Lemon-Creamy Chicken and Macaroni... with a salad!
Monday Macaroni this week featured some leftover chicken... How delish!
The first thing I did was saute some onions and leek in olive oil. I bet you thought I was going to say onion and garlic in butter. Hah! I tricked you! Really, I used olive oil because we were out of butter.
When it was smelling good, I added in 1/2 cup of chicken broth.
I let it come to a boil and then added in 3/4 cup of the cream from the top of the milk, some thyme, salt, and a few splashes of lemon juice.
When it was all nice and warm, I added in leftover roasted chicken.
I turned the heat up a bit, and let the chicken warm up.
It was perfect served over macaroni!
Although it had some onions in it, this dish really needed a salad with it. What kind... hmm.... Dandelion Greens!
I whipped up a quick dressing by chopping up some garlic and leeks...
... and mixed it with a 1:1 ratio of olive oil and rice wine vinegar and a bit of salt.
Topped with dried cranberries, it was a good mix of bitter and sweet.

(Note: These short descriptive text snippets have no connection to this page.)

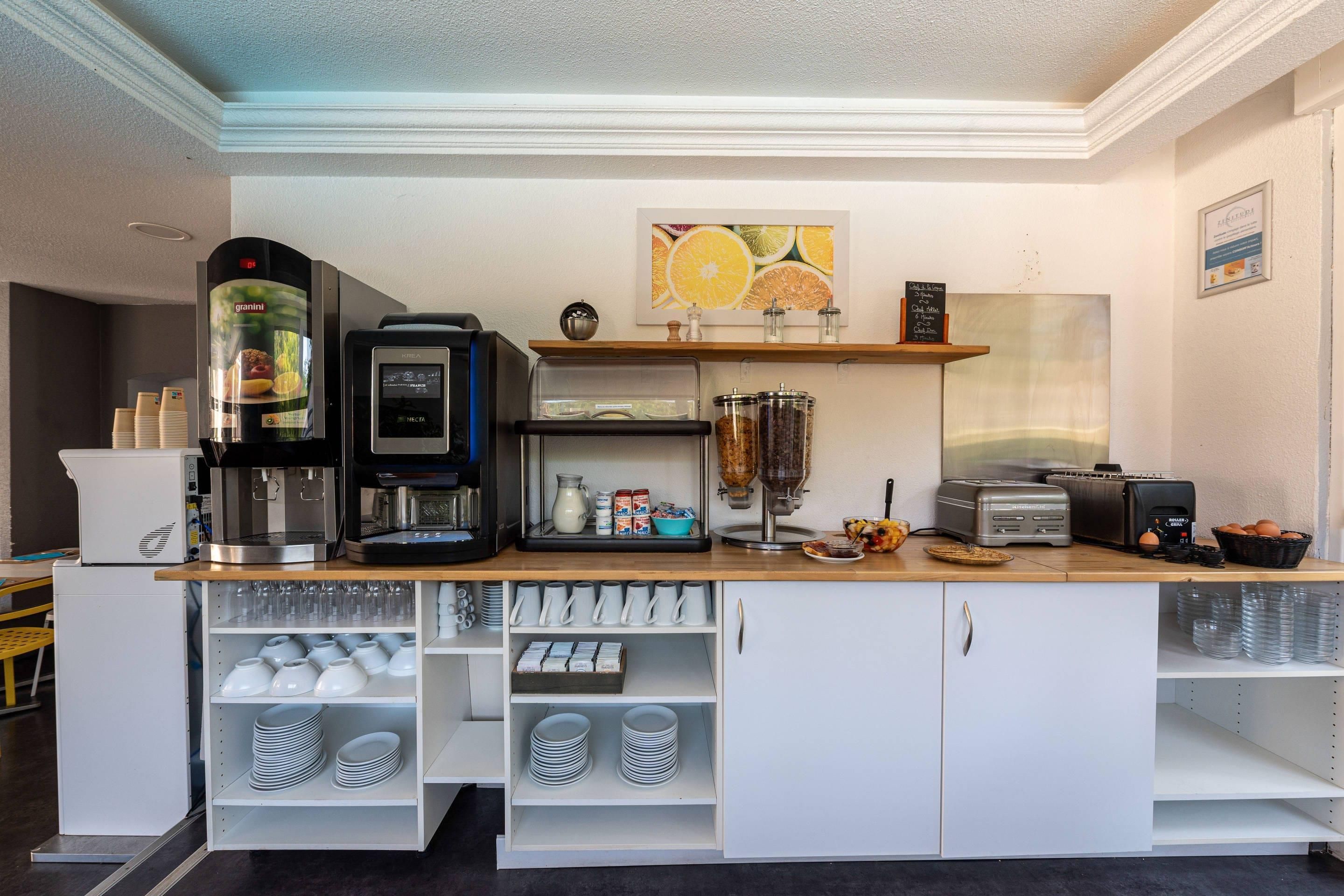 Een ontbijtbuffet met een koffieapparaat, broodrooster en diverse etenswaren.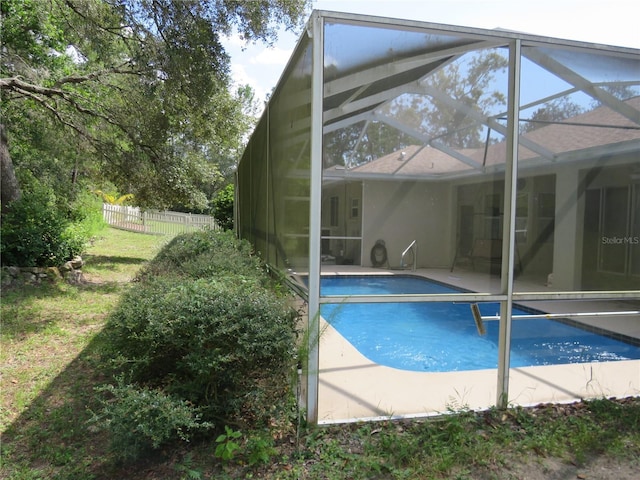 view of pool featuring glass enclosure and a patio area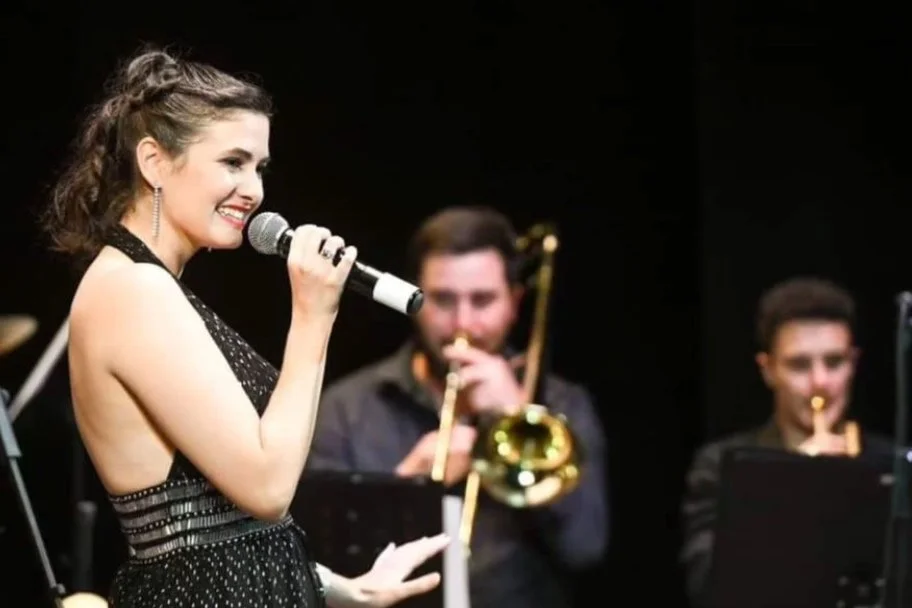 Isabella singing with microphone in hand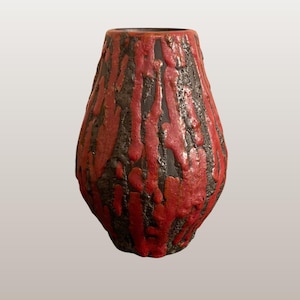 Può includere: Un vaso in ceramica rosso e nero con un design strutturato e gocciolante. Il vaso ha una base larga che si assottiglia verso un'apertura più stretta. Il testo "WGP287 Ceramano | 179 | Rubin" è in basso nell'immagine.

This post was shared with the Hearth and Soul Bloghop and Fat Tuesday!
This sounds delicious!! My family does not eat chicken, but I bet it would work with canned salmon too.
ReplyDeleteI love what lemon can do to recipes, and I really like the idea of adding the lemon to this - it would make the macaroni dish tastes extra delicious! Thank you for sharing this post with the Hearth and Soul hop.
ReplyDeleteWhat a unique combination of flavors. It looks absolutely delicious! Thank you for sharing this with the Hearth and Soul Hop.